▸ **Try it**
Skip the pictures and restate, word for word, the lines from the one containing "Rear view of" to the end of the data below.

▸ **Dataset excerpts**
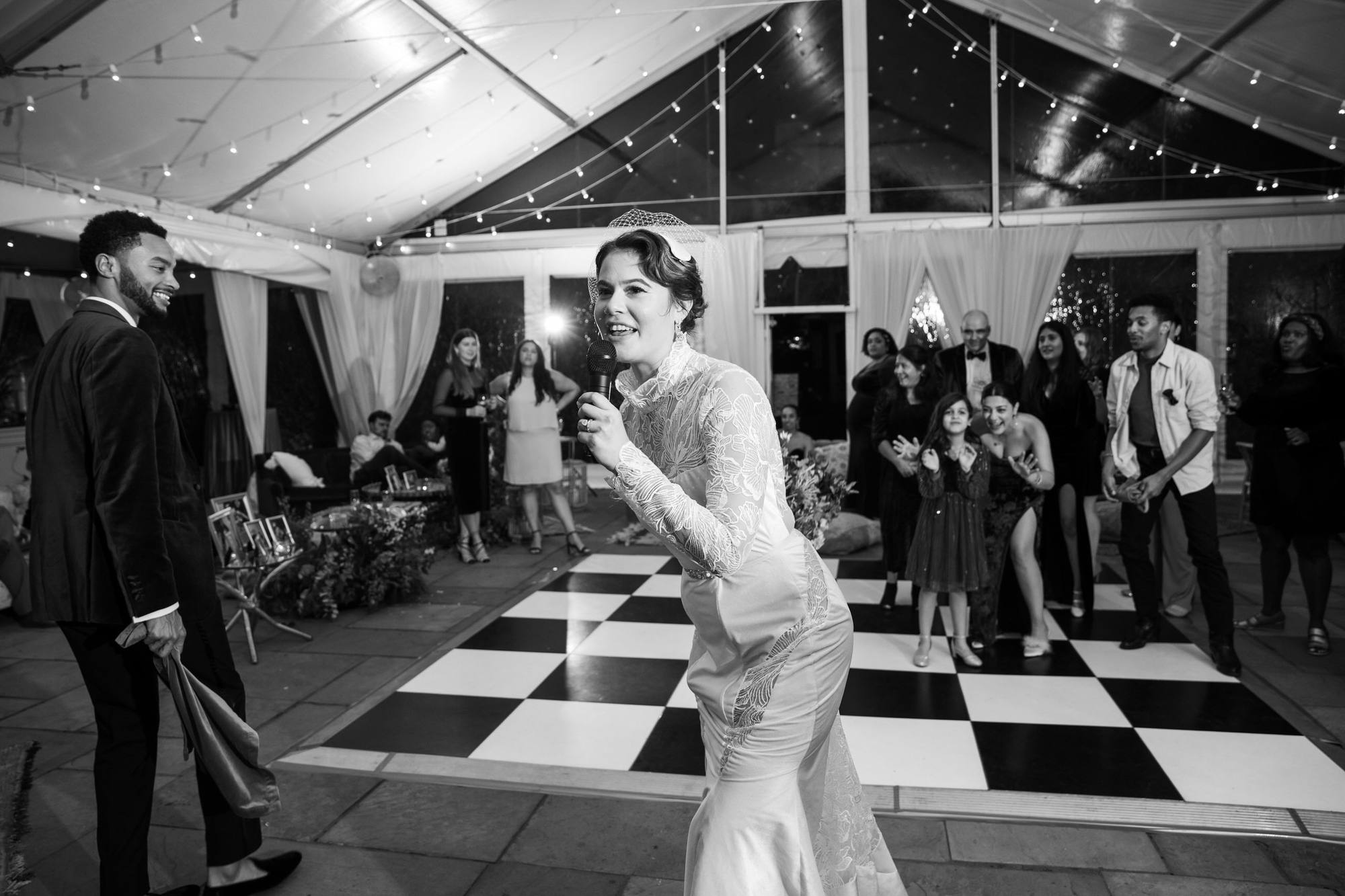 Black and white image of the bride speaking into a microphone on the dance floor as guests gather behind her and the groom looks on, under a clear tent hung with string lights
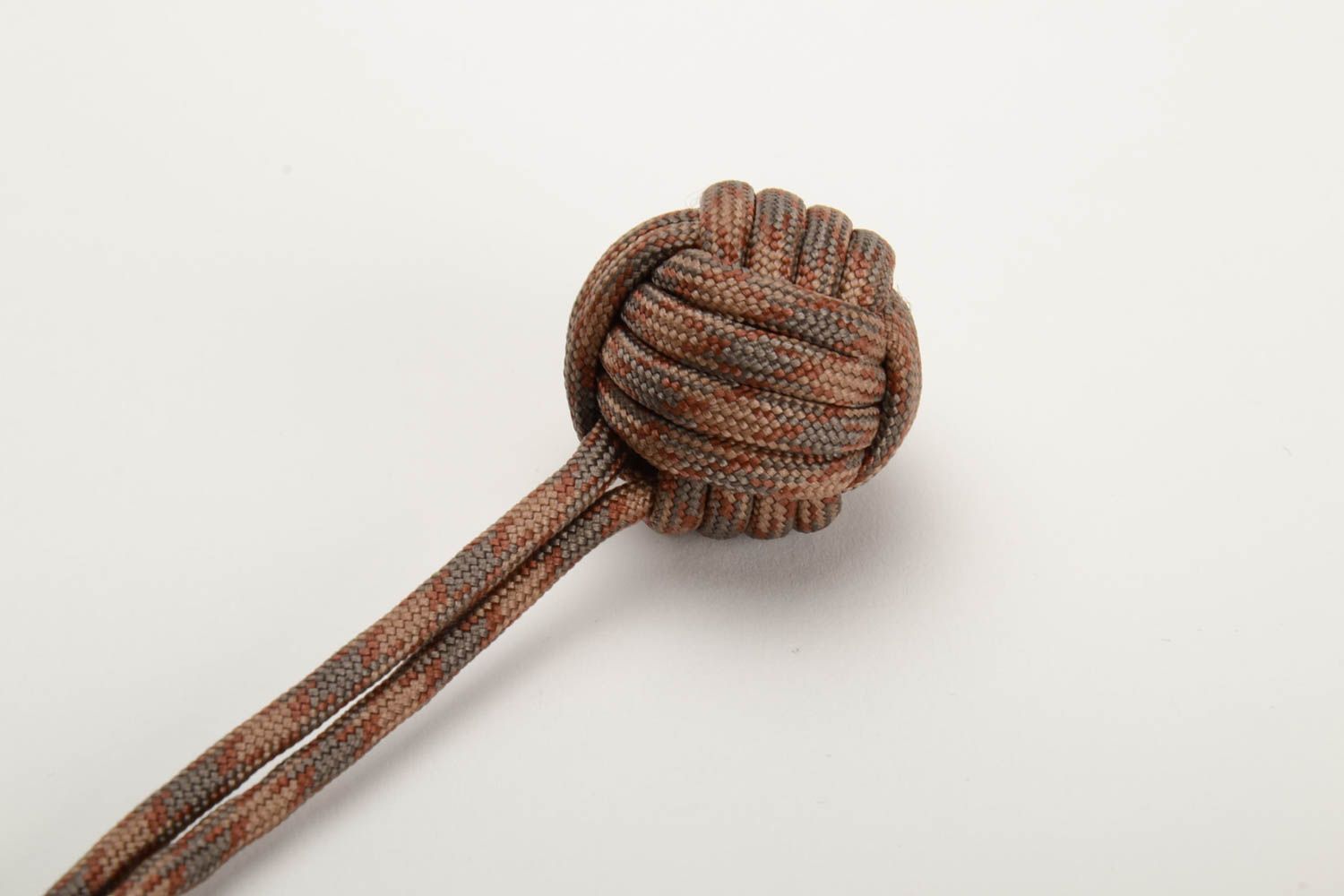 Men's brown handmade keychain woven of American paracord photo 3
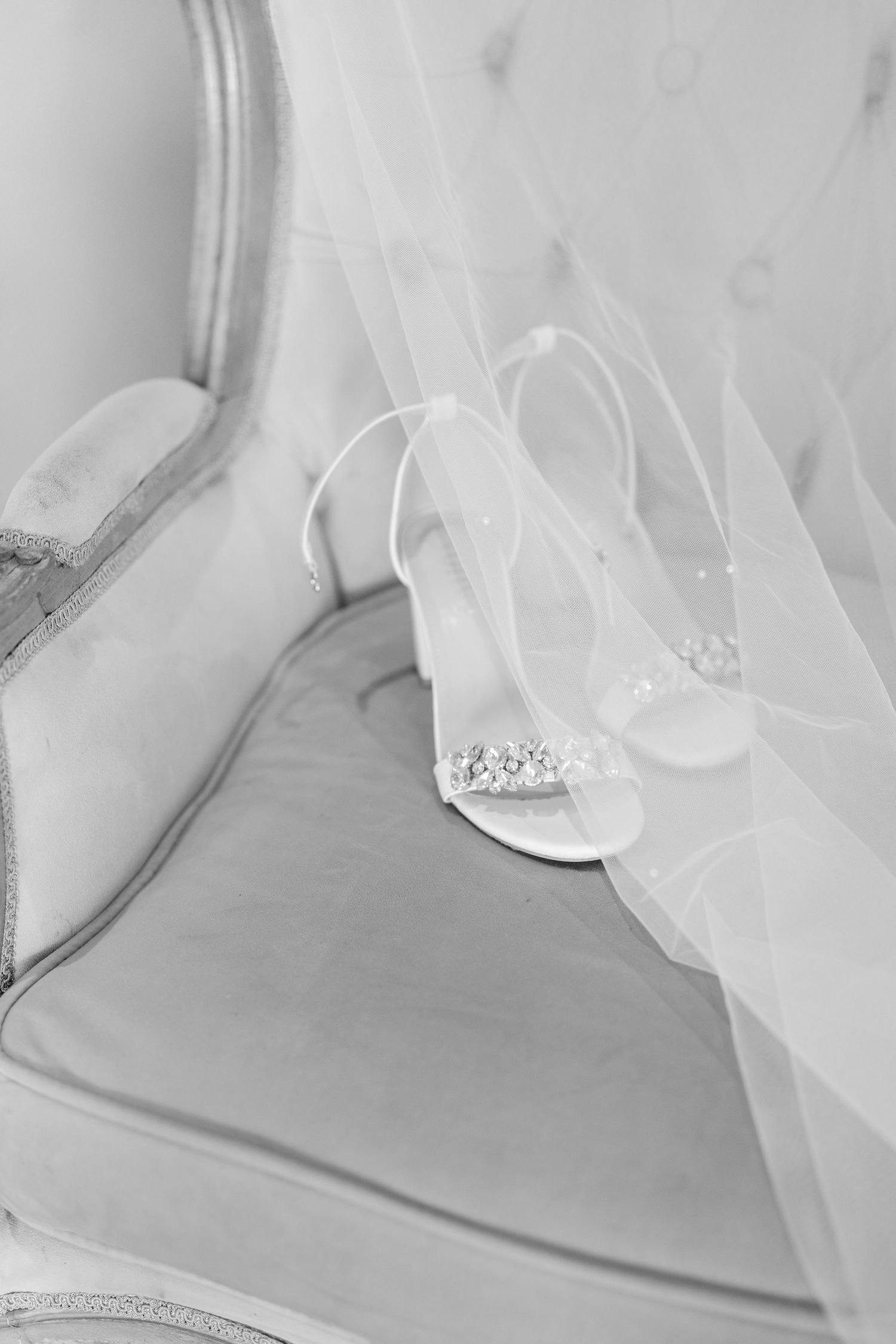 Elegant white bridal shoes with crystal embellishments rest beside flowing tulle veil in black and white photography.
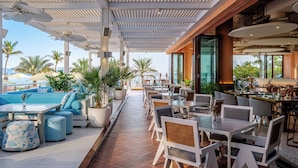 A rooftop bar with outdoor seating, a pool, and palm trees.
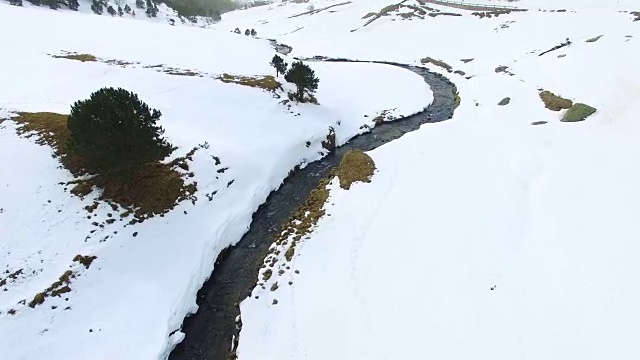 无人机拍摄的航拍镜头，在美丽的安道尔雪景上的冬天，蜿蜒的河流在雪谷中流淌，与美丽的对比和山峰。4 k UHD。视频素材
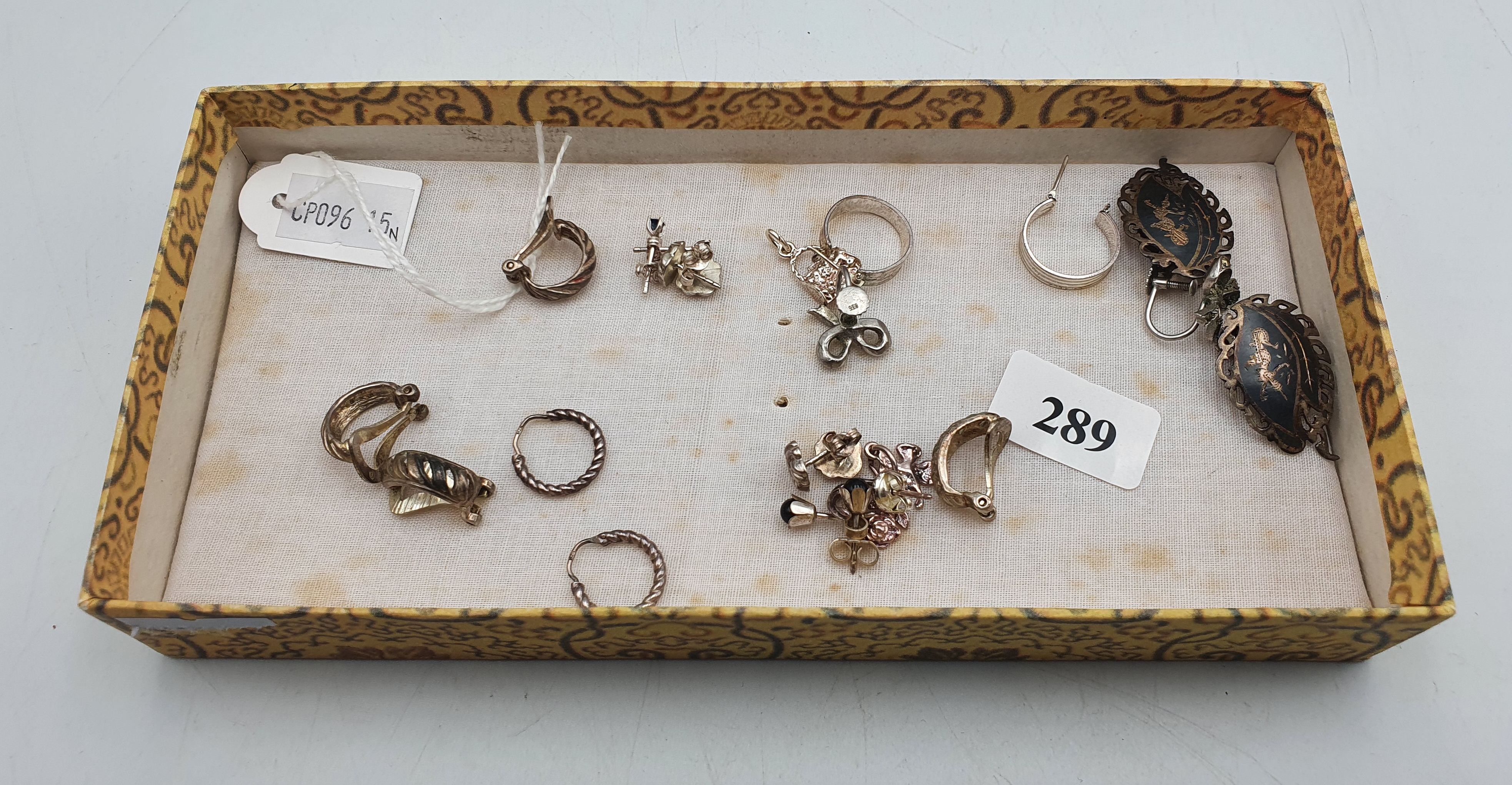 A GROUP OF SILVER EARRINGS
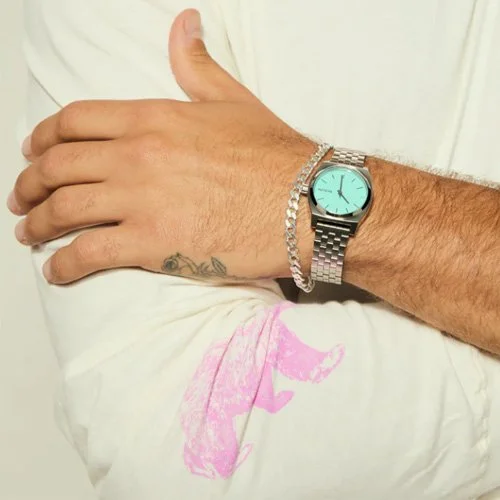 Nixon Medium Time Teller watch in silver and turquoise with stainless steel bracelet
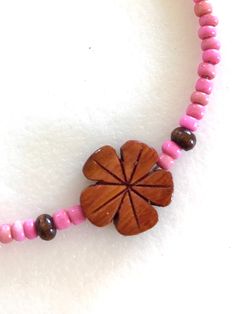 Darling little hand carved genuine Hawaiian Koa wood flower beaded with tiny dust rose pink vintage African glass beads and .925 sterling silver clasp. Koa wood plumeria flower is 1/2inch and beaded with 3-4mm vintage African trade beads in sweet dusty pink color. Necklace is 15 1/2 inches plus 2 Inch extension. Spring ring clasp and all findings are .925 sterling silver. Choker also available in aqua, orange and yellow. Adjustable Pink Flower Necklace, Pink Wooden Beads Necklace For Gift, Pink Wooden Beaded Necklaces For Gifts, Pink Handmade Adjustable Flower Necklace, Handmade Adjustable Pink Flower Necklace, Adjustable Pink Flower Necklace With Round Beads, Adjustable Flower Necklace, Adjustable Pink Bohemian Flower Necklace, Pink Flower Beaded Necklaces For Beach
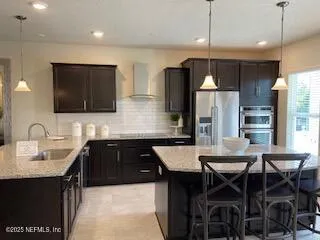 a kitchen with stainless steel appliances a dining table chairs refrigerator and microwave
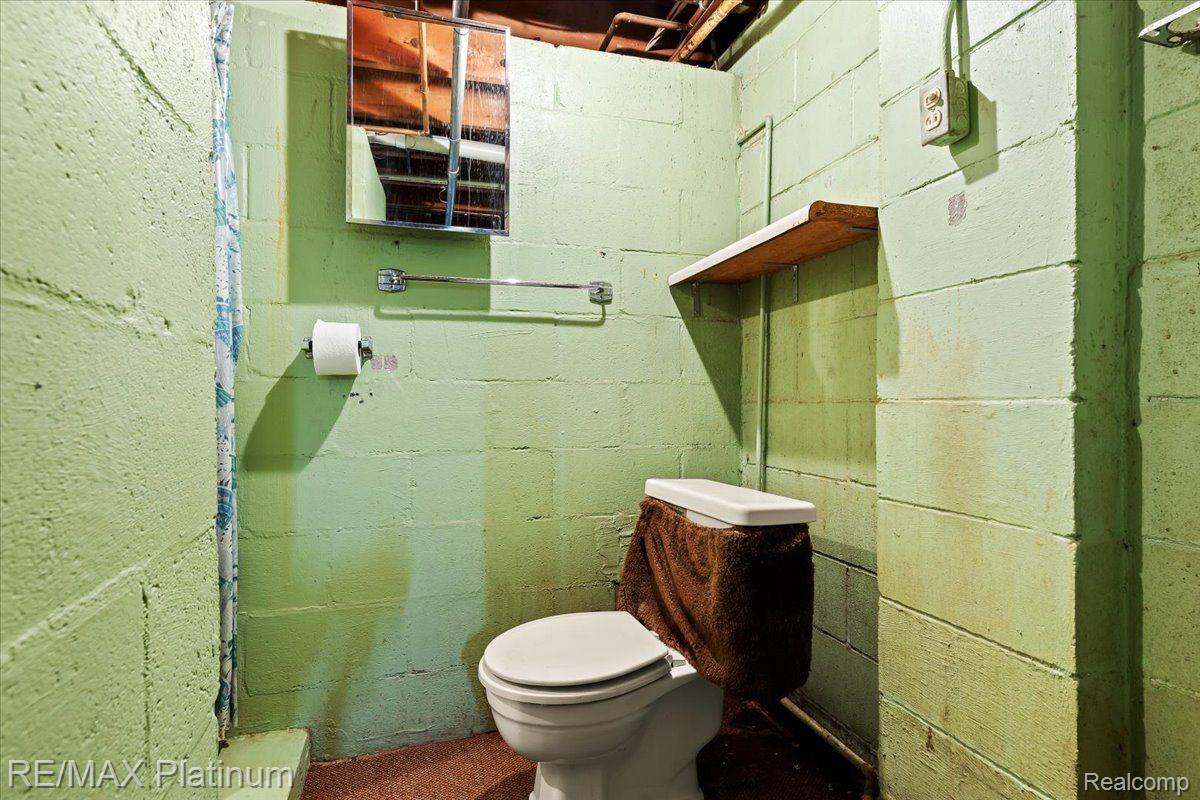2606 Sexton Road Howell, MI 48843 - Photo 37 of 43 Basement has its own convenient half bath.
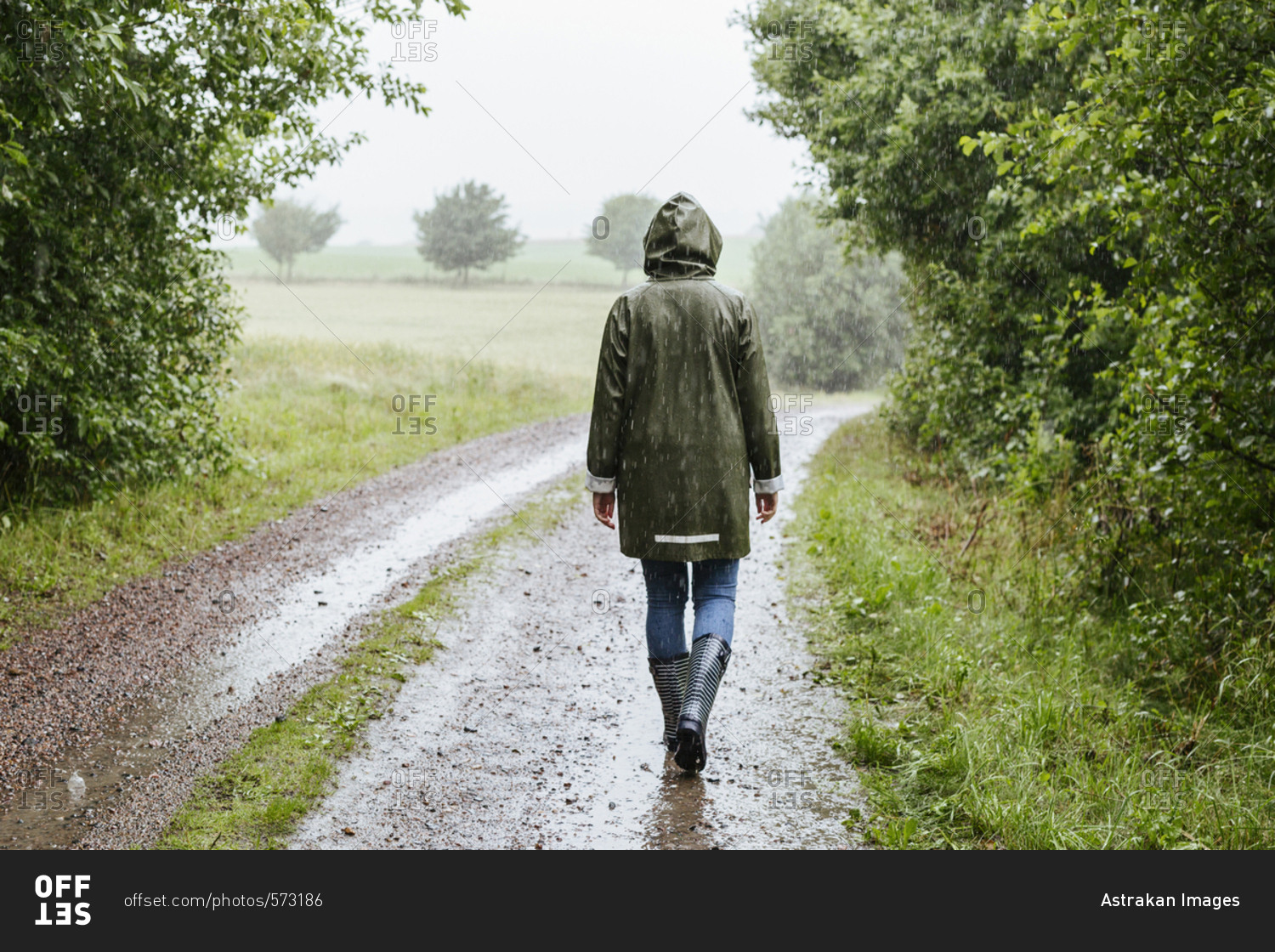 Rear view of woman in green raincoat walking in rain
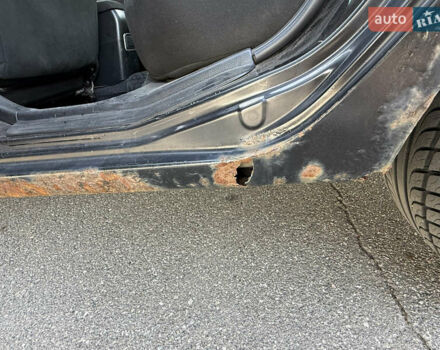 Черный Мицубиси Лансер, объемом двигателя 1.6 л и пробегом 321 тыс. км за 5000 $, фото 38 на Automoto.ua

▸ **Worked solution**
 Rear view of woman in green raincoat walking in rain
 Черный Мицубиси Лансер, объемом двигателя 1.6 л и пробегом 321 тыс. км за 5000 $, фото 38 на Automoto.ua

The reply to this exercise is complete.